My mobile rang, lighting up the darkness in the office.
“You bastard, where are my children” I yelled, unable to stifle my anger at this man.
He knew I was powerless and the cruelty of his laughter shocked me.
“Follow my instructions,” he stated “Empty the money from the safe into the Securicor bags and place them on the counter. Go and stand by the front window and I will bring your children and Nanny to you,” he paused and with voice laden with threat, he said;
“I am watching you.”
How was he manipulating me like this? Night cameras? He must have had help to set this up. My mind was a whirl of hows' and whos', but no time to think about it now, using my phone torch, I punched the combination into the safe and swung open the door to see neatly piled up bundles of cash. Manically, I filled 3 large money bags and grunting under the weight, heaved them onto the counter as instructed. Backing up to the window, I waited for my children.
After what seemed like a lifetime but in reality, was probably less than a couple of minutes, Marissa stumbled through the front door. Although dark, I could see she has a small child tightly grasped in each hand and immediately behind her, the shape of a man, the dull gleam of a gun in his hand.
The tension released from my body as I stretching out my arms, pulling my daughters to me. I looked up through the darkness to check on Marissa. “We are OK” she said her voice trembling with fear.
The man, indistinct in the black of the office swung one bag of money over his shoulder and picked up another but was unable to carry the third bag with his gun hand. “You” he said – pointing at Marissa, “carry this bag for me. “
Turning to me he said “Do not follow us, she will come back to you in a few minutes.”
Whimpering, Marissa picked up the last bag. Keeping his gun trained on her, he pushed her roughly out of the office towards the service exit at the back of the building.
I hugged my daughters tightly, smothering them with kisses, feeling relief that I had them with me coupled with immense fear for Marissa. She had guarded them through this ordeal and that bastard still had her. I was damned if I was going to wait patiently.
Taking both girls by the hand, I said, “We need to be very quiet, let's go and see where Marissa is,” their two trusting faces, eyes wide with fear nodded agreement.
Keeping low, I gambled on him being too busy getting to his car to be monitoring me in the office. Creeping towards the back of the building, I was overwhelmed by the rain forest smell; damp, earthy; of primal untamed life in abundance.
That smell, contrasted with the sanitized office environment made me realise he had left the back service door open. The unlit passageway disguised the opening from darkness into darkness, the opening between safety and the unknown. Keeping the girls behind me, I manoeuvred carefully around the coffee machine and the piles of boxes left haphazardly piled by the cleaners. I had just reached the open door when a bass rumbling stopped me. The growling starting low and soft; building into a physical wall of sound, a warning that shook the air and resonated through my body; lightning ripped through the sky, the opening freeze-framing tree branches bent in the wind, leaves in high-definition, the drops of rain captured like diamonds rifling their way into the earth.

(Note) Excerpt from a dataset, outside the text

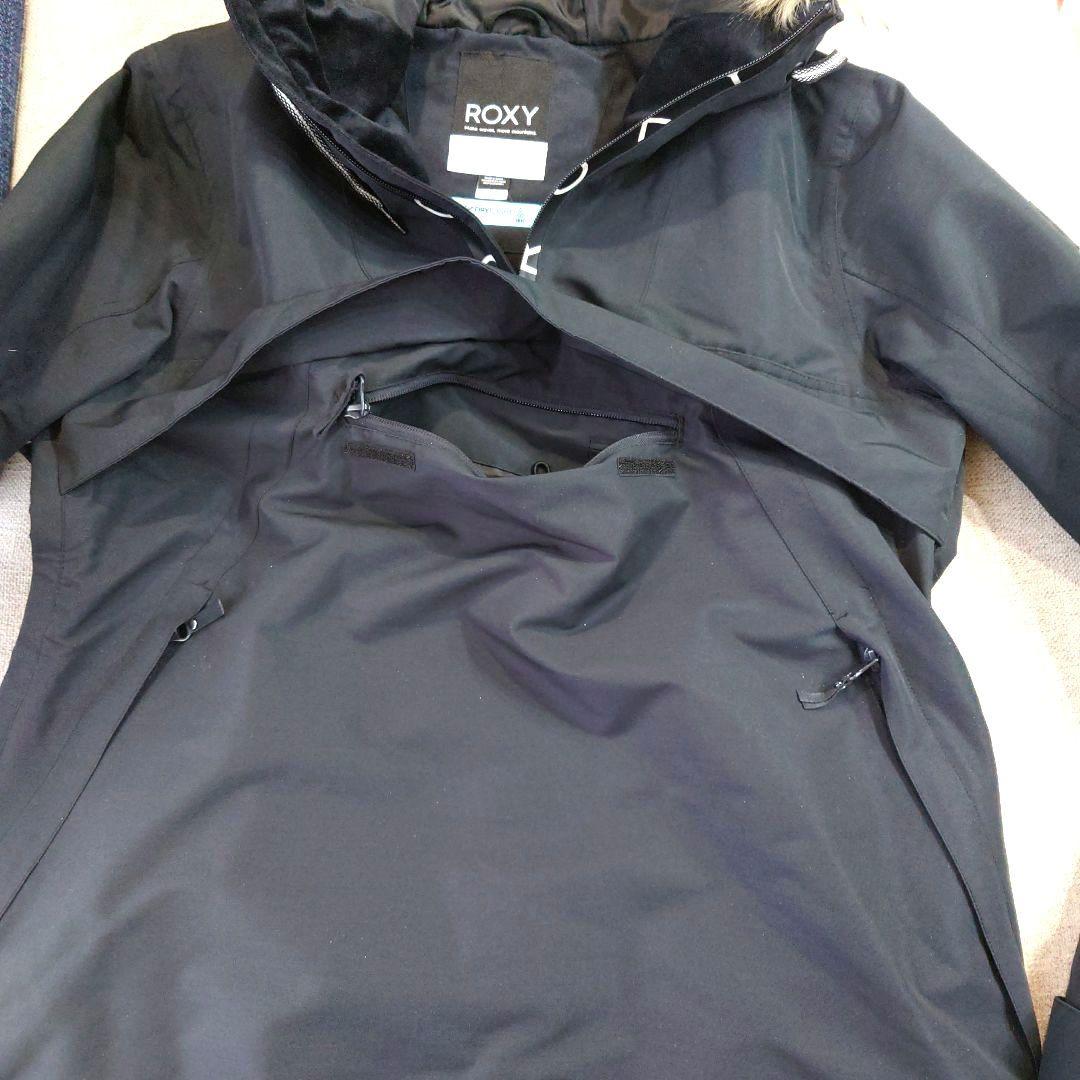ROXY スキー・スノーボードウェア Lsize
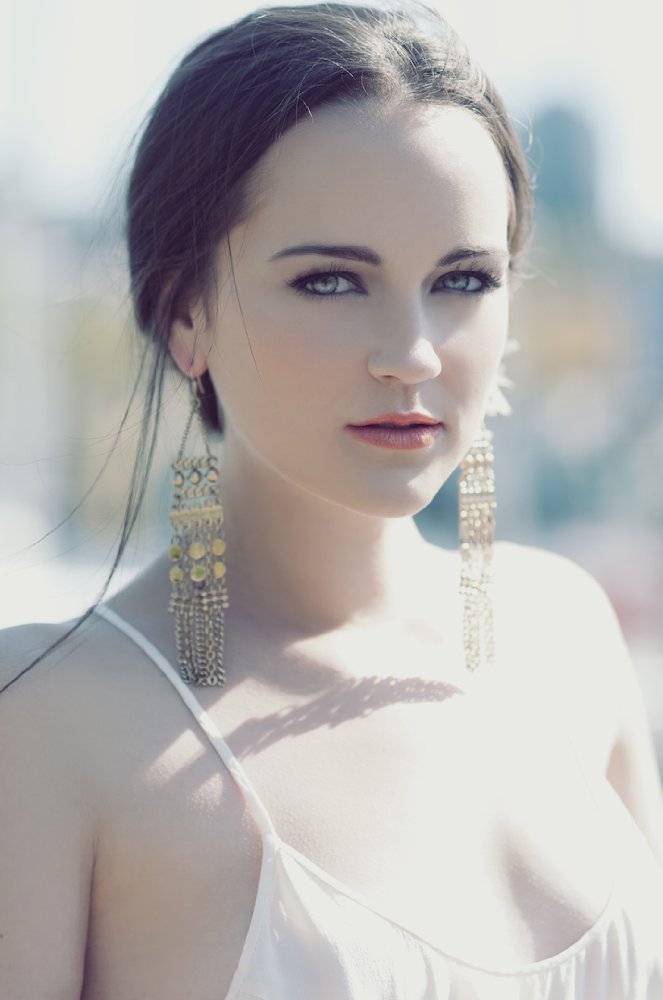 Lauren Watson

I shut my eyes protectively to shield myself but the images I had seen were fixed, the acrid ozone smell only enhancing the visions like a series of stills from an old black and white movie.
Marissa on tiptoe; Marissa being embraced; Marissa arm outstretched to him as she turned back towards the office.
The images slowly dissipated and the darkness enveloped us, the night marking time as I waited for Marissa to come through the opening, once my friend and confidante, my children’s companion; now my betrayer.